Waspada Serangan Demam Badai Sitokin Berakibat Fatal, Dokter Ahli: Jangan Terlambat Masuk ICU

Selasa, 24 Agustus 2021 - 13:26:00 WIB
Waspada Serangan Demam Badai Sitokin Berakibat Fatal, Dokter Ahli: Jangan Terlambat Masuk ICU
Tenaga medis memeriksa pasien Covid-19. (Foto: iNews.id/Pramono Putra).
Advertisement . Scroll to see content

JAKARTA, iNews.id – Kisah YouTuber Deddy Corbuzier yang berhasil melewati masa kristis pascasembuh dari Covid-19 menjadi perhatian public. Bayak yang bertanya-tanya, sebenarnya apakah badai sitokin? Seperti apakah serangan demam di minggu kedua setelah negatif Covid-19?

Mengacu pada penjelasan dokter Gunawan dalam Podcast Deddy Corbuzier, pasien Covid-19 berada di masa kritis saat mereka memasuki fase demam minggu kedua atau second-week crash. Jika tidak ditangani dengan benar dan cepat, fatal akibatnya dan menyebabkan risiko kematian cukup besar.

"Makanya saya maunya agresif kalau mengobati pasien Covid-19. Kalau demam, ada kemungkinan pasien mengalami badai sitokin terutama demam di minggu kedua. Demam minggu pertama badan appropriate atau masih baik-baik saja," papar Dokter Gunawan di video YouTube belum lama ini. 

Sebelum Deddy Corbuzier mengalami badai sitokin, sebenarnya pembahasan ini sudah sangat ramai di dunia medis. Banyak dokter melaporkan keparahan pasien mulai terjadi justru pada minggu kedua, saat tes menunjukkan pasien sudah negative Covid-19. 

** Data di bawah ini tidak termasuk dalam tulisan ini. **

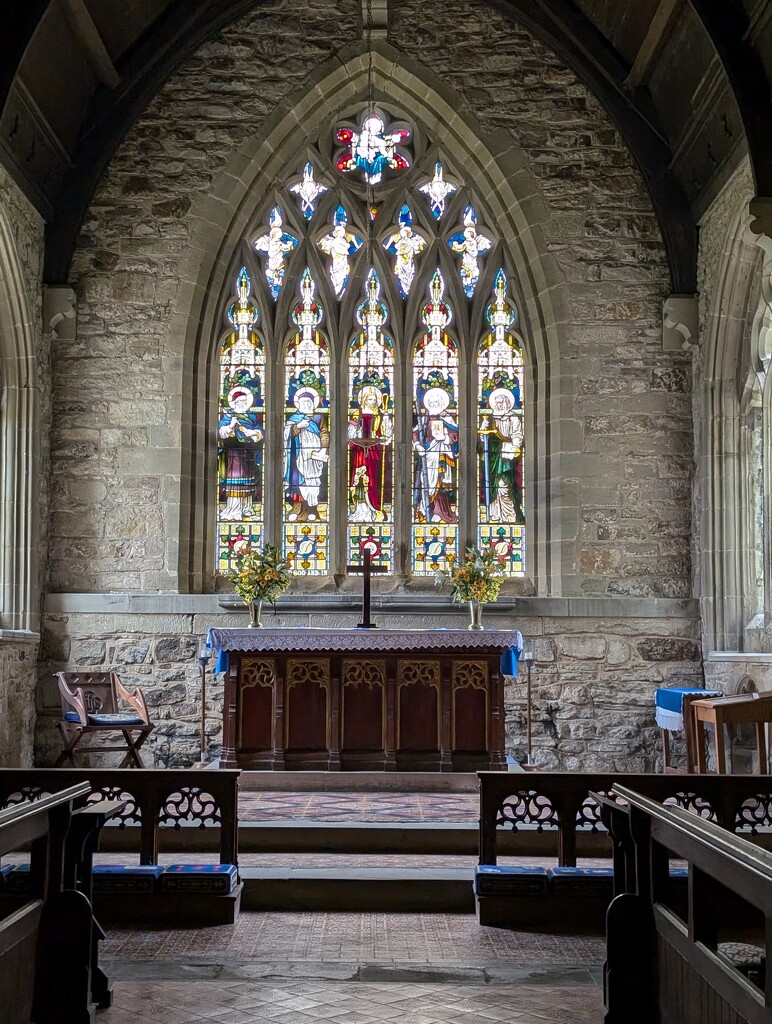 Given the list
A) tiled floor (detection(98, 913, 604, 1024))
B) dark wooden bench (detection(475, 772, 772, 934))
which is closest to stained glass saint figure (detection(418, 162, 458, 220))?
dark wooden bench (detection(475, 772, 772, 934))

Menjadi pertanyaan sekarang mengapa demam pada minggu bisa mematikan?

Menurut laporan The Washington Post, dilansir Selasa (24/8/2021), ada sedikit konsensus di antara dokter dan ahli tentang mengapa demam hari kelima hingga kesepuluh sangat berbahaya bagi pasien Covid-19.

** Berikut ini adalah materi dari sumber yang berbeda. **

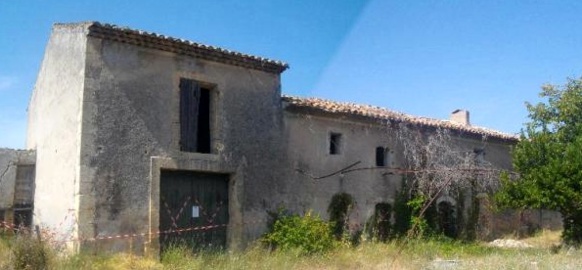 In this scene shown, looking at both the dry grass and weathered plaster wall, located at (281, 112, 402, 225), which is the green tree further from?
weathered plaster wall, located at (281, 112, 402, 225)

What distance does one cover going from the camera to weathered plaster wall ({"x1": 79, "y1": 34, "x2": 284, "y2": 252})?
11109 millimetres

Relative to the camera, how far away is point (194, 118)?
41.7ft

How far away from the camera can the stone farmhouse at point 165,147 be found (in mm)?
11195

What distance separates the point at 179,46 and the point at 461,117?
14558mm

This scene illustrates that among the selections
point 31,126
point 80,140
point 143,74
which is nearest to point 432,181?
point 143,74

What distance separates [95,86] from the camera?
11.3m

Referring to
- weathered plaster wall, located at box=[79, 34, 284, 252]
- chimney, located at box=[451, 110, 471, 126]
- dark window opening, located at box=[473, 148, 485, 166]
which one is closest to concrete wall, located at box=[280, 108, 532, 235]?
weathered plaster wall, located at box=[79, 34, 284, 252]

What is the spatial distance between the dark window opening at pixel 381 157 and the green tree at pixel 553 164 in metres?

Ebbing Lautenbach, kepala divisi penyakit menular di fakultas Kedokteran Perelman University of Pennsylvania, berspekulasi bahwa second-week crash berbahaya. Diduga adanya pengaruh gen individu, efek virus pada jaringan paru-paru, imun yang terlalu aktif, pembekuan darah, hingga dampak dari penggunaan ventilator yang digunakan.

Lebih lanjut, menurut Naftali Kaminski, kepala perawatan kritis paru dan obat tidur di Yale School of Medicine yang mempelajari genomik penyakit paru-paru menyatakan bahwa demam minggu kedua Covid-19 berbahaya karena pengaruh tahap awal virus masuk dan menginfeksi.

"Jadi, dapat digambarkan virus yang sudah ada dalam tubuh dan menginfeksi, terus mendorong lebih banyak sel untuk membiarkan masuk dan terus menginfeksi lebih parah lagi," kata Naftali.

"Karena sifat virus yang terus menginfeksi, ini mempengaruhi susunan genetik dan kondisi yang ada sebelumnya dan membuat presentasi penyakit meningkat," tambahnya.

Di laporan ini pun diterangkan bahwa ada spesifikasi pasien Covid-19 yang dikhawatirkan mengalami kondisi second-week crash, yaitu pasien Covid-19 tanpa gejala, seperti penurunan kadar oksigen, sesak napas, atau kondisi kritis lainnya, dan pasien Covid-19 kondisi parah yang terlambat mendapatkan pertolongan karena masalah menunggu terlalu lama untuk dapat ICU bed.

"Orang-orang yang kritis ini sebenarnya sudah lama sakit," papar Merceditas Villanueva, seorang profesor kedokteran di Yale School of Medicine. "Jadi, mereka meremehkan gejala ringan atau mereka memang terlambat mendapatkan ICU bed. Jadi jangan terlambat untuk masuk ICU," tegasnya.

Di sisi lain, seorang dokter paru dan perawatan kritis di Ronald Reagan UCLA Medical Center di Los Angeles, Russell G Buhr, menerangkan bahwa keparahan pasien Covid-19 di second-week crash terjadi karena sel-sel baik di paru-parunya dibunuh virus yang membuat paru-paru pasien tetap terbuka dan menyebabkan pertukaran oksigen dan karbondioksida tidak berjalan baik.

"Jadi, paru-paru menyebarkan karbondioksida ke tubuh dan ini yang menyebabkan peradangan semakin serius," ungkapnya.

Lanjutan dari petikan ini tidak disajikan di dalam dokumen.